* **Information shown**:
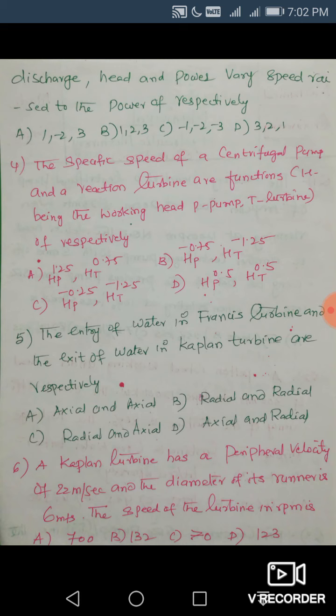Question 6: A Kaplan turbine has a peripheral velocity of 20 m/s and a runner diameter of 6 meters. The speed in RPM is — ? Using the relationship V = πDN/60, substitute V = 20 m/s and D = 6 m, then solve for N. The Kaplan turbine is a reaction turbine and normally runs at very low speed.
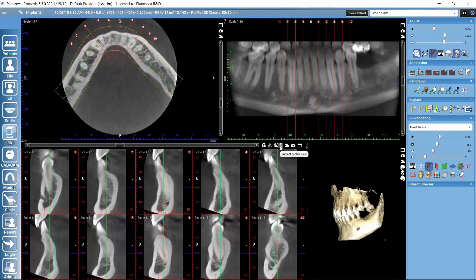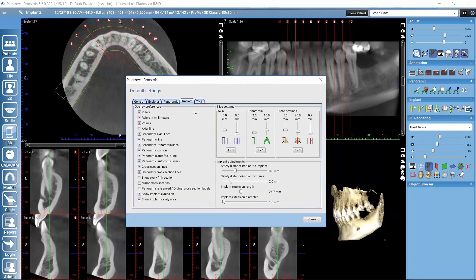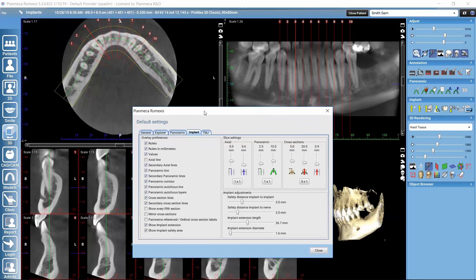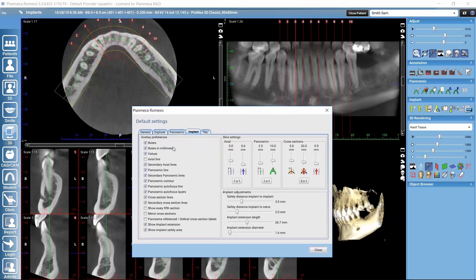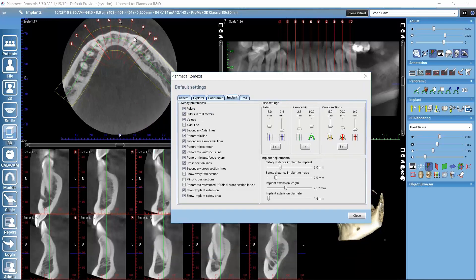Let's look at the default settings using this wrench-like icon on the toolbar. In a familiar way, we can hide different overlays on these views — for example, I could hide the secondary cross-sectional slices on the view. I can also change the numbering for these cross-sectional slices: by default they use ordinal numbering, but I can switch to panorama reference numbering instead.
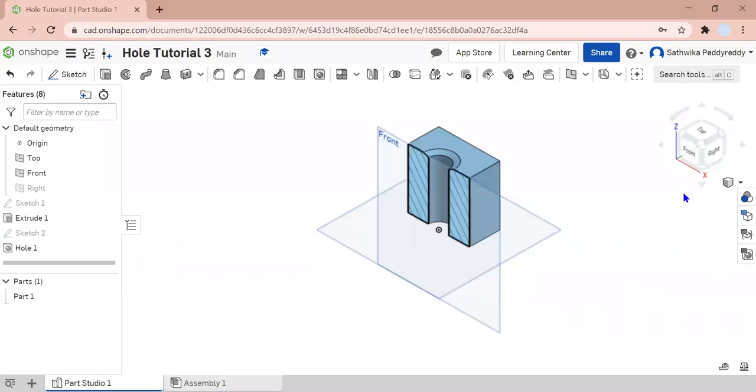Hi! In this video, you're going to learn how to make the countersink hole. This is the final part of a three-part video series on how to use holes. If you haven't watched my previous two videos, please do watch them.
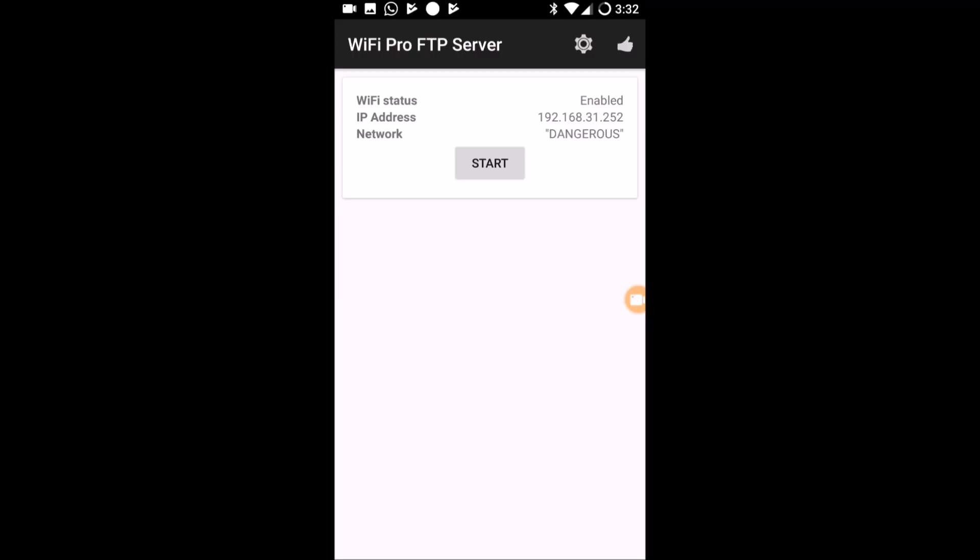The next screen asks 'Log on anonymously' — this checkbox is checked by default. Since I have anonymous access enabled on my phone, I'll keep it checked. If you prefer more security and turned off anonymous access, you should uncheck this and enter your user ID and password instead.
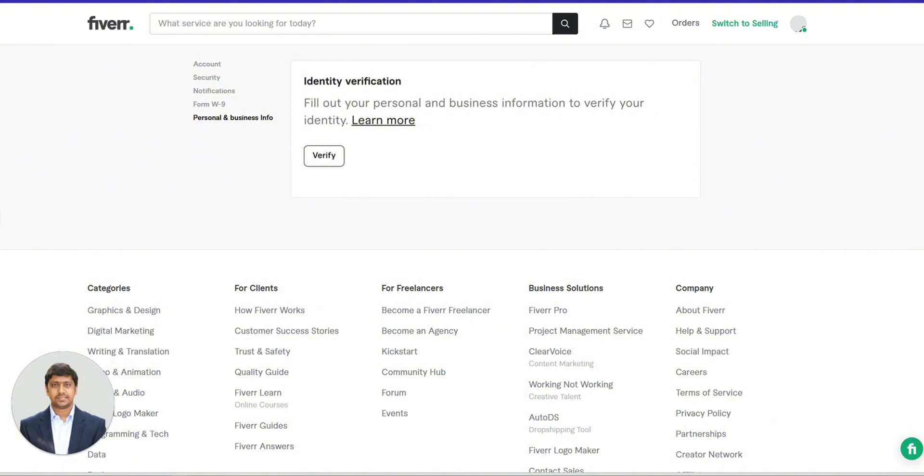If you already submitted your ID for verification, don't worry. The process is simple. Fiverr will ask for minimal input from you, just a few clicks to confirm your details, and you're done. In most cases, you'll now see the account verification option appear.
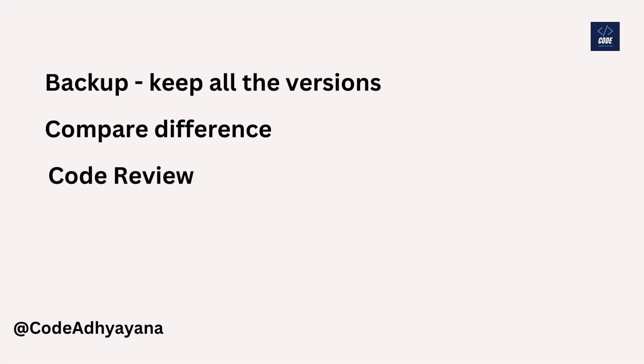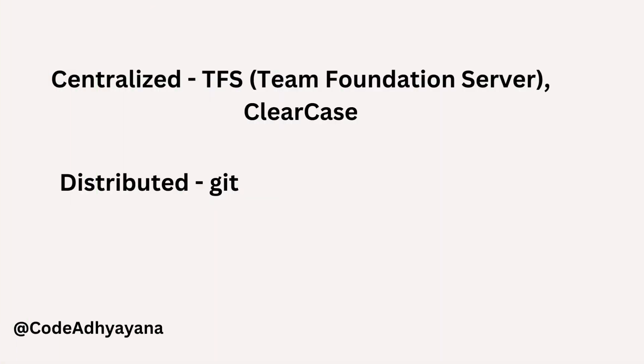All these points will help us to share the code with teammates and it will increase the productivity of the team. There are two kinds of source control: one is centralized and another is distributed. Examples of centralized are TFS or ClearCase, and an example of distributed is Git. In this series we will focus on distributed kind of source control like Git.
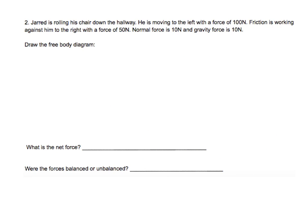The next problem says Jared is rolling his chair down the hallway. He is moving to the left with a force of 100 Newtons. Friction is working against him to the right with a force of 50 Newtons. Normal force is 10 Newtons, and gravity force is 10 Newtons. Draw the free body diagram.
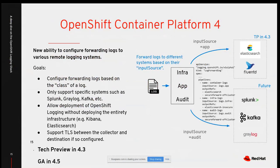A key upcoming feature is Log Forwarding, which allows you to forward logs from Fluentd to external destinations like Splunk, Graylog, or Kafka — without needing the full EFK infrastructure. In OpenShift 4.3, this is available as tech preview; it will be generally available in version 4.5.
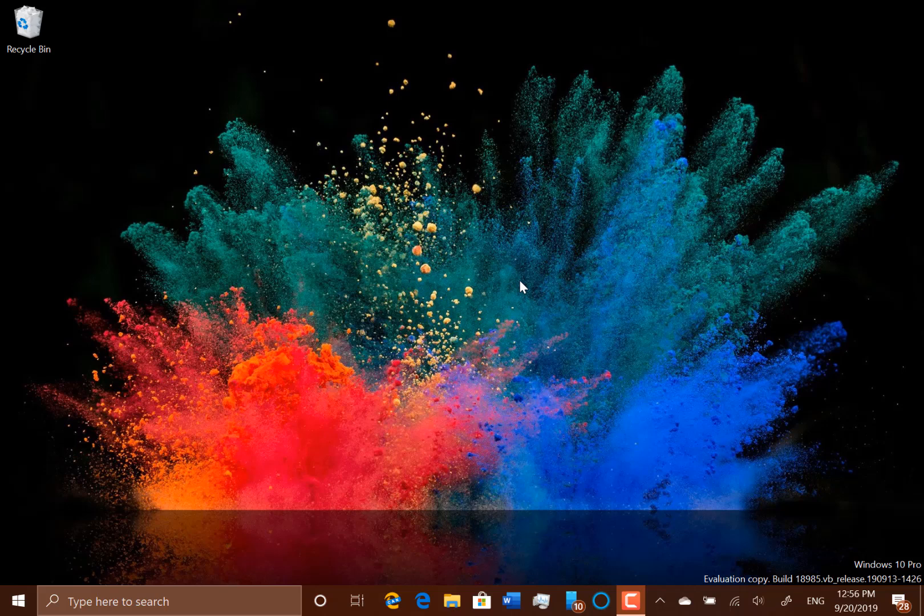So first thing, I'm going to put the pen into pairing mode now and make sure my other Surface is switched off so it doesn't try and pair with that one.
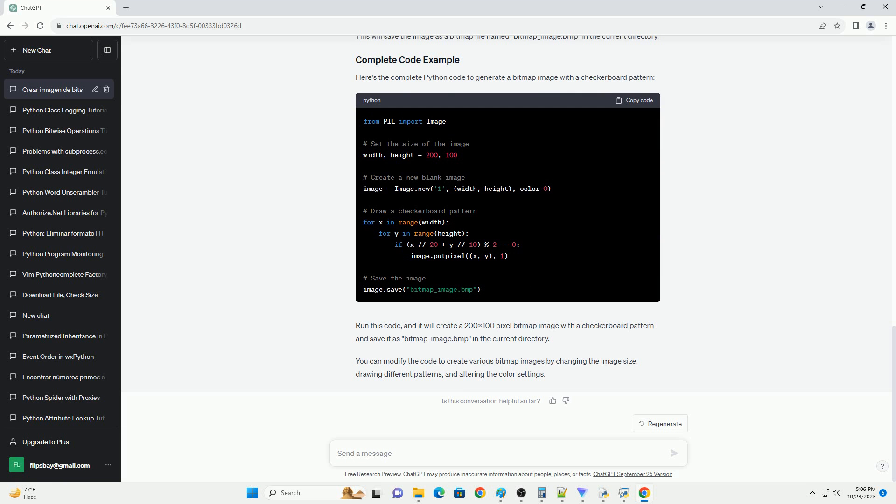Once you've created the bitmap image, you can save it to a file. This will save the image as a bitmap file named bitmap_image.bmp in the current directory.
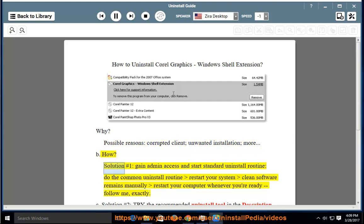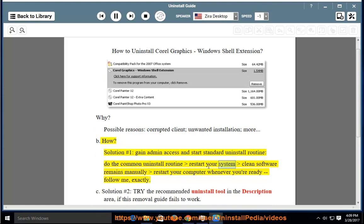How? Solution No. 1: Gain admin access and start the standard uninstall routine. Do the common uninstall routine, then restart your system. Clean software remains manually, and restart your computer whenever you're ready.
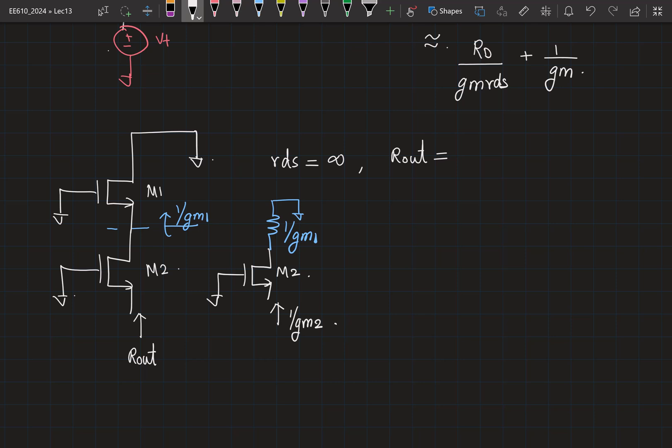If there is a path for the current to flow, the value of that drain-side resistance does not matter — this simply becomes 1 by Gm2. Why is Vgs equal to 0? The drain side is 0, the gate side is 0, but the source side need not be 0. Drain and source are interchangeable.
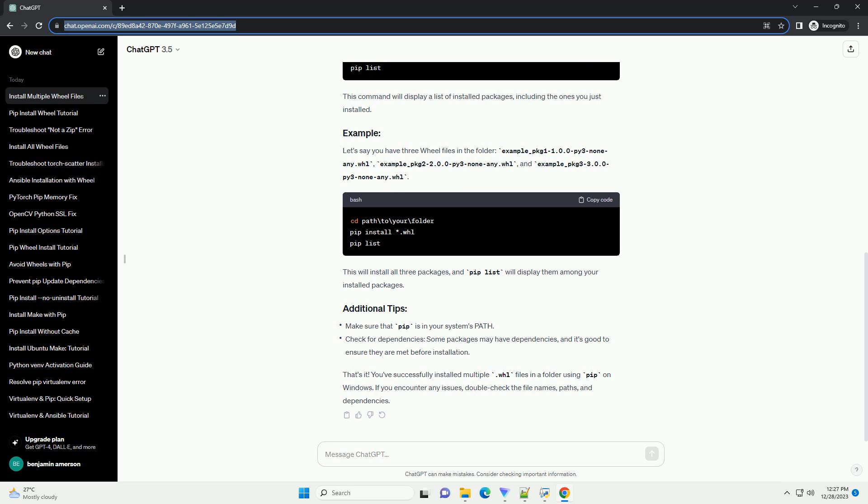Run the following command. This command tells pip to install all .whl files, star.whl, in the current directory. After the installation is complete, you can verify it by running. This command will display a list of installed packages.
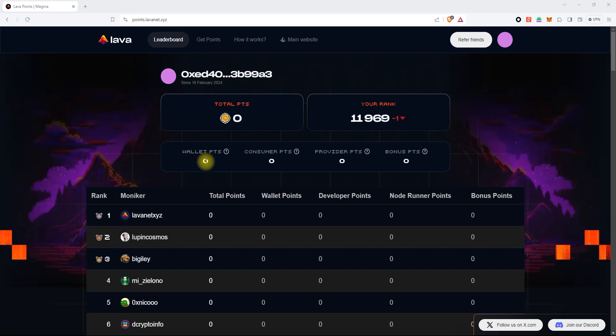In this video, we will show you how you can change the default endpoint to your own for the Axelar Mainnet network in the Leap Wallet.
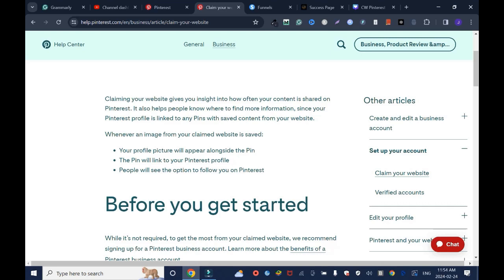saved content from your website. Best of all, your profile picture will appear alongside the pin. A pin will link to your Pinterest profile, and last but not least, people will see the option to follow you on Pinterest. With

* **What is needed**: From the listing above, print every entry precisely and drop the pictures.

* **Exercise result**:
Question 6: A Kaplan turbine has a peripheral velocity of 20 m/s and a runner diameter of 6 meters. The speed in RPM is — ? Using the relationship V = πDN/60, substitute V = 20 m/s and D = 6 m, then solve for N. The Kaplan turbine is a reaction turbine and normally runs at very low speed.
Let's look at the default settings using this wrench-like icon on the toolbar. In a familiar way, we can hide different overlays on these views — for example, I could hide the secondary cross-sectional slices on the view. I can also change the numbering for these cross-sectional slices: by default they use ordinal numbering, but I can switch to panorama reference numbering instead.
Hi! In this video, you're going to learn how to make the countersink hole. This is the final part of a three-part video series on how to use holes. If you haven't watched my previous two videos, please do watch them.
The next screen asks 'Log on anonymously' — this checkbox is checked by default. Since I have anonymous access enabled on my phone, I'll keep it checked. If you prefer more security and turned off anonymous access, you should uncheck this and enter your user ID and password instead.
If you already submitted your ID for verification, don't worry. The process is simple. Fiverr will ask for minimal input from you, just a few clicks to confirm your details, and you're done. In most cases, you'll now see the account verification option appear.
All these points will help us to share the code with teammates and it will increase the productivity of the team. There are two kinds of source control: one is centralized and another is distributed. Examples of centralized are TFS or ClearCase, and an example of distributed is Git. In this series we will focus on distributed kind of source control like Git.
The next problem says Jared is rolling his chair down the hallway. He is moving to the left with a force of 100 Newtons. Friction is working against him to the right with a force of 50 Newtons. Normal force is 10 Newtons, and gravity force is 10 Newtons. Draw the free body diagram.
A key upcoming feature is Log Forwarding, which allows you to forward logs from Fluentd to external destinations like Splunk, Graylog, or Kafka — without needing the full EFK infrastructure. In OpenShift 4.3, this is available as tech preview; it will be generally available in version 4.5.
So first thing, I'm going to put the pen into pairing mode now and make sure my other Surface is switched off so it doesn't try and pair with that one.
Once you've created the bitmap image, you can save it to a file. This will save the image as a bitmap file named bitmap_image.bmp in the current directory.
How? Solution No. 1: Gain admin access and start the standard uninstall routine. Do the common uninstall routine, then restart your system. Clean software remains manually, and restart your computer whenever you're ready.
If there is a path for the current to flow, the value of that drain-side resistance does not matter — this simply becomes 1 by Gm2. Why is Vgs equal to 0? The drain side is 0, the gate side is 0, but the source side need not be 0. Drain and source are interchangeable.
Run the following command. This command tells pip to install all .whl files, star.whl, in the current directory. After the installation is complete, you can verify it by running. This command will display a list of installed packages.
In this video, we will show you how you can change the default endpoint to your own for the Axelar Mainnet network in the Leap Wallet.
saved content from your website. Best of all, your profile picture will appear alongside the pin. A pin will link to your Pinterest profile, and last but not least, people will see the option to follow you on Pinterest. With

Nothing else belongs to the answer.